In past years Chicago Marathon participants could have someone join them along the race course and run a few miles for encouragement and fellowship. As long as the “spectator” didn’t start with the runner or attempt to run through the finish line, a blind eye was turned toward these runner helpers (I call them Gunners although that is not an official term.) Not to be confused with Bandits — people who run a race without officially signing up (and paying the entry fee) — these Gunners can be instrumental in someone’s marathon success.
One year that I ran the marathon I had a friend meet me at Mile 20. I don’t remember for certain but I think he used a bib from a previous year (like no one has thought of that right?) and he ran me in those last 6 miles. My gunner was awesome in that he was extremely positive and would not let me quit or slow down, thus making sure I got a new PR for the race.
Unfortunately, for safety and security, spectators will not be allowed to join a runner on the course as it winds through 29 Chicago neighborhoods. Undercover officers will be in the crowd and video surveillance will be used Source. I specifically emailed the following question to the Bank of America Chicago Marathon Q&A inbox:
Question: Is it possible for someone to run with someone along a portion of the race course? Say from Mile 20-25?
Response from BoA Chicago Marathon: Definitely not. There will be spotters this year looking to runners without the event issued bib.
I understand why it has to be this way , I — like many runners — just don’t like it. The risk-to-reward-ratio is entirely out of whack. Preventing someone from joining their friend on a 26 mile race course in order to thwart a potential terrorist is like locking one door while leaving all the windows of your house open to stop a thief; There are so many more options available to bad guys.
Time for a Marathon Bib Transfer Program
Several of my friends registered for the Chicago Marathon and now for various reasons, cannot participate. Some are injured or ill, some are undertrained, some have physically relocated. When I ran my first marathon in 1998, you could wait to sign up until the month before the race to determine if you were really to run. By then you would have completed at least one 20 mile run and if you felt it wasn’t going to happen you were not out race fees. A few years later, the race started closing earlier and earlier. Today you have to register while there is still snow on the ground and hope you can get in.

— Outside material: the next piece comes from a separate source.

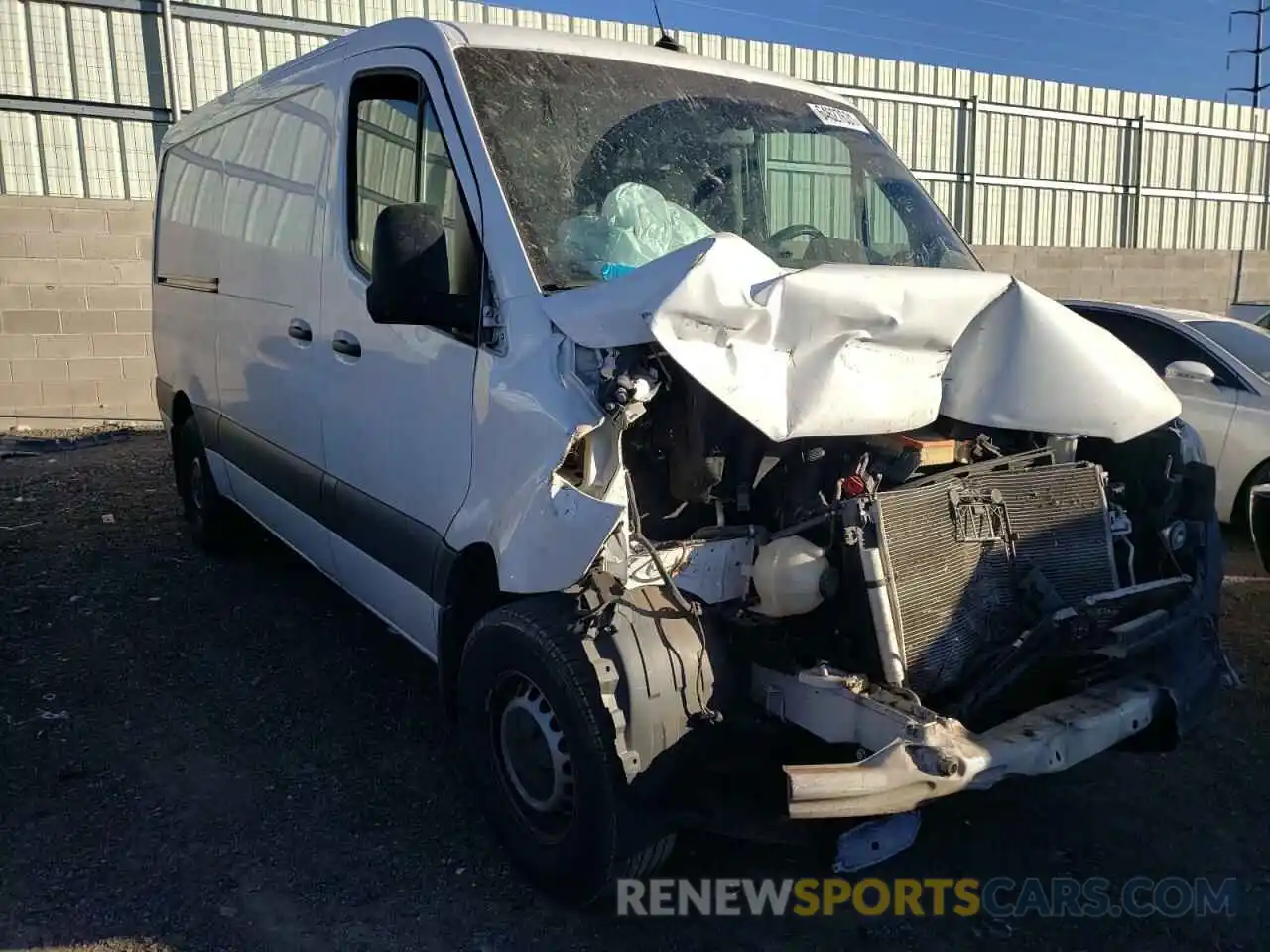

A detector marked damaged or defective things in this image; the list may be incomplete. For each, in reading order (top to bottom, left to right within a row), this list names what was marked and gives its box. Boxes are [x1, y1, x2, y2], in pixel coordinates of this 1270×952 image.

cracked windshield [456, 48, 980, 287]
damaged white van [148, 18, 1229, 903]
crumpled hood [541, 233, 1183, 446]
detached front bumper [751, 518, 1229, 822]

Basically there is a big commitment of time, energy and resources for a person to train for a marathon, and it stinks if Life comes along and throws a wrench into your monkey that prevents you from running it. The Chicago Marathon’s official stance is that you cannot trade or transfer your bib and there is no deferral option. The dubious reason given is for insurance purposes. Apparently if something happens to you while you’re running under someone else’s name, you wouldn’t be covered by the insurance policy and I suppose technically the waiver “you” signed wouldn’t apply.
It’s an unfortunate situation especially since the entry fee is almost $200 these days. Which means people are gonna do it anyway. The risk of getting caught is low and the desire to recover at least some of your money usually outweighs any moral dilemmas.
The Powers-That-Be at the Chicago Marathon should really just accept it and come up with a system to transfer or defer your entry. They could charge a modest fee and impose a limit such as must be done at least 30 days before the marathon and limited to 500 people. I’m certain the technology exists since the New York Marathon use to let you defer and other races allow you to switch from one event to another.
However, just like the Cubs will probably never have to worry about attendance, the Chicago Marathon will never have to appease the average runner as long as it keeps attracting the elite world record changers. It’s a shame because the Chicago Marathon is an otherwise World Class event that falls short in this one “user-friendly” area. A- Cary Pinkowski.
And with all the concern for security, this supports my point. The spotters may be able to pick out someone jumping in from the crowd but they are never going to be able to tell if someone is an original registered participant or someone who bought a bib on Craigslist last minute. Which makes all the more case for implementing a bib Transfer System. Today, the risk of getting caught is low and the reward — injured participant getting their money back and person who missed registration getting to run the race — is high.
If there were a nominal fee for transferring your Bib, I think most people would pay it if it meant 1) registered participants who couldn’t run get most of their money back and 2) people who didn’t get to register get a chance to run Chicago. And if you let them defer for a year, that’s even fewer potential bandits.
It’s obviously too late to implement this year, but the Powers-That-Be at the Chicago Marathon should consider this for future marathons.